Negara bagian yang dimaksud ini adalah Georgia, North Carolina, Pennsylvania, Arizona, Michigan, Nevada, dan Wisconsin. Tujuh negara bagian ini menunjukkan persaingan ketat menjelang Pemilu dan menjadi penentu hasil Pilpres AS 2024.
Dalam pilpres kali ini, demokrasi dan ekonomi menjadi isu paling penting bagi warga AS. Melansir Reuters, sekitar sepertiga responden menyebut dua isu ini, diikuti dengan isu aborsi dan imigrasi. Perhitungan ini menunjukkan 73% pemilih percaya demokrasi sedang dalam bahaya, sementara 25% lainnya percaya demokrasi AS aman.
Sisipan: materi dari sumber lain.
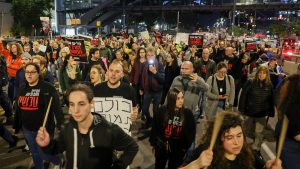 إعلام عبري: حماس وضعت عودة النازحين إلى شمال غزة أساسا للمفاوضات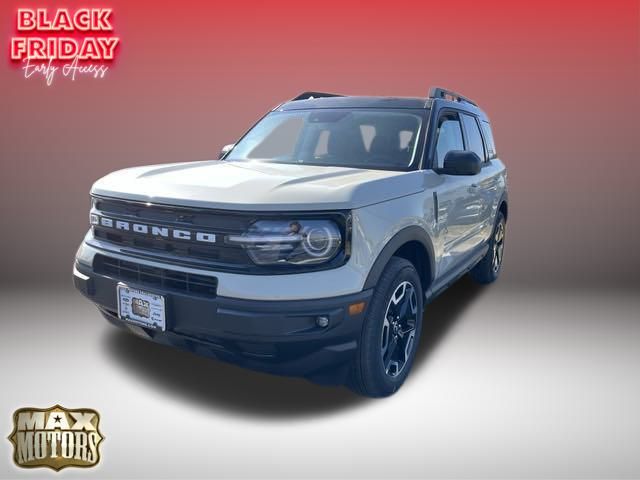 2024 Ford Bronco Sport Outer Banks 3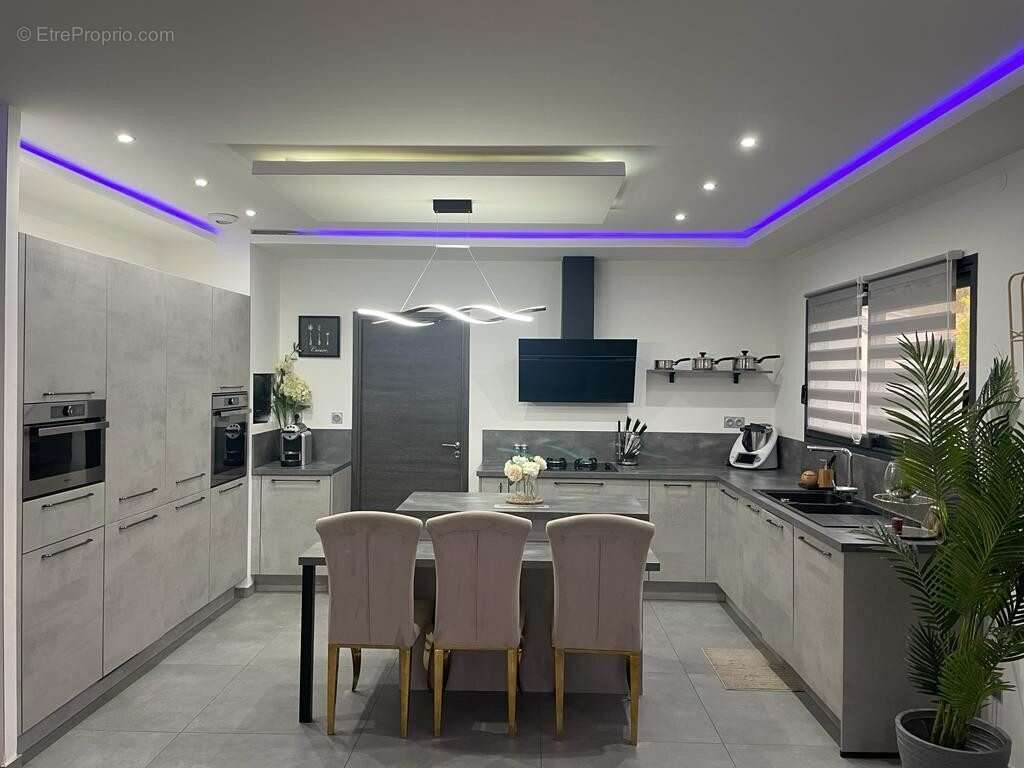 Maison à SAINT-JULIEN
Data tersebut menggarisbawahi kedalaman polarisasi di negara yang perpecahannya semakin tajam dalam persaingan yang ketat. Trump menggunakan retorika yang semakin apokaliptik sambil memicu ketakutan yang tidak berdasar bahwa sistem pemilu tidak dapat dipercaya.
Di sisi lain, Harris memperingatkan bahwa masa jabatan kedua Trump akan mengancam dasar-dasar demokrasi Amerika.